Seit längerem ist zu beobachten, dass Stories eine wichtige Rolle im Marketing spielen. Deshalb ist Storytelling zu einer neuen Disziplin im Marketing geworden. Unter der Überschrift Content Marketing (siehe dazu auch unsere empirische Studie Riekhof/Jacobi) wird der kommunikativen Auseinandersetzung mit dem Kunden über Inhalte inzwischen breiter Raum gewidmet.

Wenn sich jetzt ein Ökonom und Nobelpreis-Träger wie Robert Shiller dem Themenbereich der Narrative Economics zuwendet, dann darf man also gespannt sein.
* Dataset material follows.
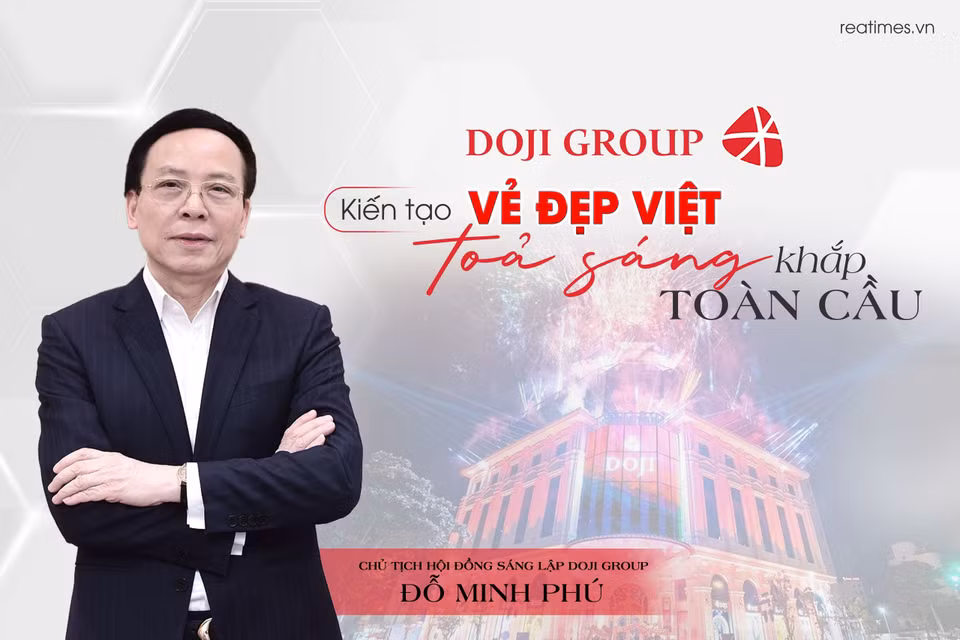Công ty Cổ phần Tập đoàn Vàng bạc đá quý DOJI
Shiller untersucht, wie Narrative wie etwa „Great Depression“, „Bitcoins“, „technologiebedingte Arbeitslosigkeit“, „Gold-Standard“, „American Dream“ oder „Künstliche Intelligenz“ ganz reale Auswirkungen auf ökonomisches Verhalten haben. Shiller treibt unter anderem die Sorge um, dass offensichtlich falsche Narrative verheerende reale Konsequenzen haben können. Gerade die Great Depression betrachtet er im Detail und sieht einen großen Einfluss der Narrative auf die tatsächliche Wirtschaftsentwicklung.

Stories beeinflussen reales Marktverhalten

Das ist natürlich revolutionär: Geschichten beeinflussen reales Marktverhalten – nicht nur Angebot und Nachfrage. Das ist eine letztlich notwendige Erweiterung ökonomischer Erklärungs-Muster, die Shiller da anbietet. Möglich wird sie unter anderem auch deshalb, weil es entsprechende digitale Suchmöglichkeiten gibt, die die Verbreitung der Narrative in den Medien aufzeichnen bzw. nachverfolgbar machen.
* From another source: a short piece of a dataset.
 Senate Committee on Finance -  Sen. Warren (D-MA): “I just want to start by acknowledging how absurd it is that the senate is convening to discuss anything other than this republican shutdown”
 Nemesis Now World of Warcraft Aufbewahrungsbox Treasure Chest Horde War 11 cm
So gibt es das Portal ProQuest News & Newspapers sowie die Google Funktion Ngram, auf die Shiller zu Analyse-Zwecken zurückgreift. Das ist eine neue analytische Dimension, auch wenn es schwierig bleibt, aus den Daten strenge Kausalitäten abzuleiten.

Narrative Economics bedeutet insofern eine neue Ausrichtung der ökonomischen Theorie. Wir stehen allerdings erst am Beginn. Shiller geht bei vielen historischen Narrativen ins Detail. Zu manchen aktuelleren Narrativen hätte man sich eine eingehende Betrachtung gewünscht, wie zum Beispiel den Narrativen vom „Ende des Wachstums“, von der „Überbevölkerung der Erde“, vom „Ende der Arbeit“, vom „Ende des Eigentums“, von „systemrelevanten Banken“ oder von „Schattenbanken“.

Vielleicht fallen die Ideen der Narrative Economics in der Ökonomie ja auf fruchtbaren Boden, und wir bekommen umfassende Analysen auch zu den gerade genannten Narrativen. Es könnte sich als sehr hilfreich herausstellen, wenn es auf diesem Wege gelingt, Mythen zu entzaubern.